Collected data

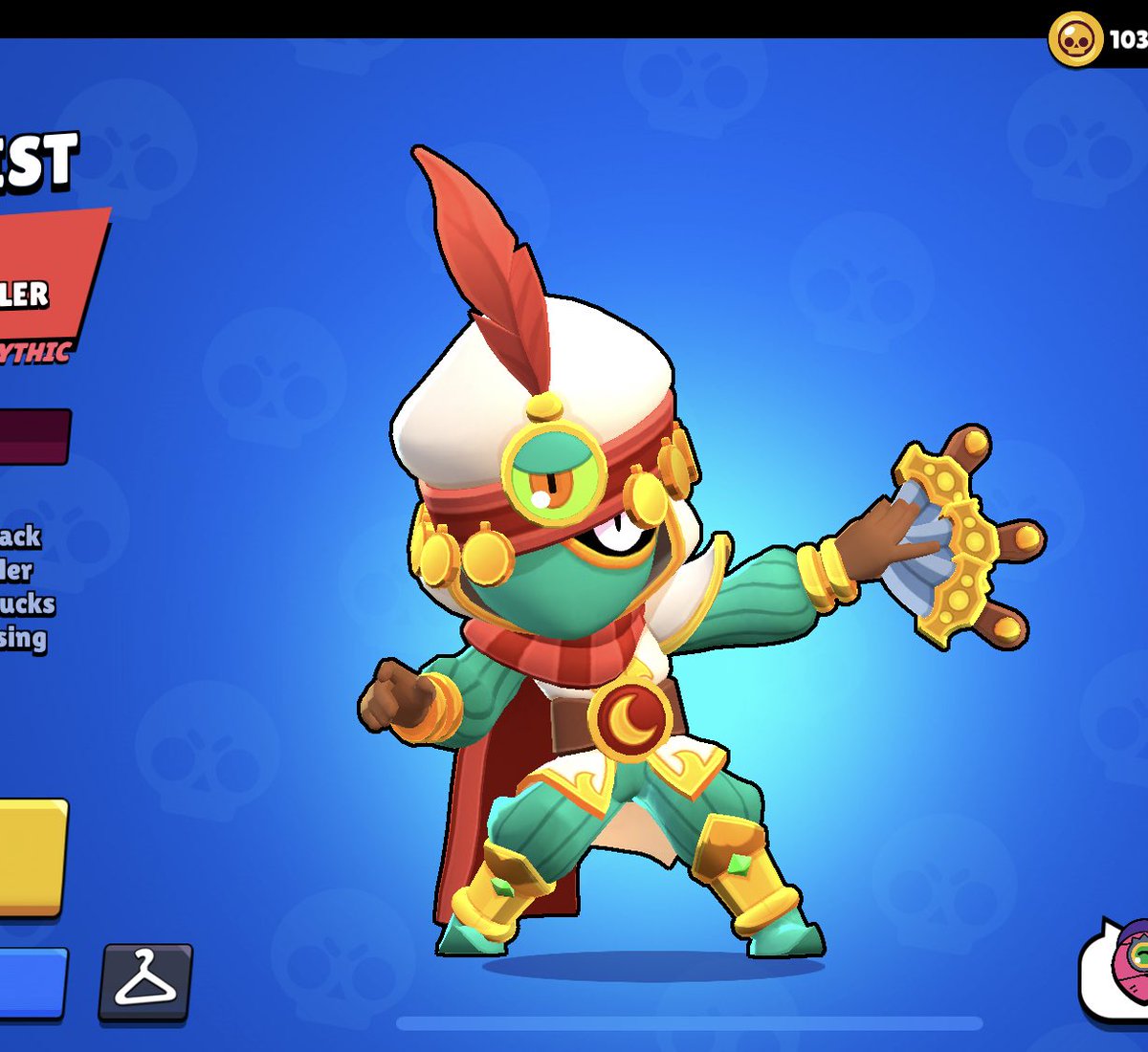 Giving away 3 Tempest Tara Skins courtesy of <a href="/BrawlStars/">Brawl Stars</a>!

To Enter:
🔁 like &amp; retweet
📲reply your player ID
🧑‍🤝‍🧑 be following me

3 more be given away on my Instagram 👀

WHAT YOU WILL DO: Leaving aside the images, write out every entry above exactly.

YOUR SOLUTION:
 Giving away 3 Tempest Tara Skins courtesy of <a href="/BrawlStars/">Brawl Stars</a>!

To Enter:
🔁 like &amp; retweet
📲reply your player ID
🧑‍🤝‍🧑 be following me

3 more be given away on my Instagram 👀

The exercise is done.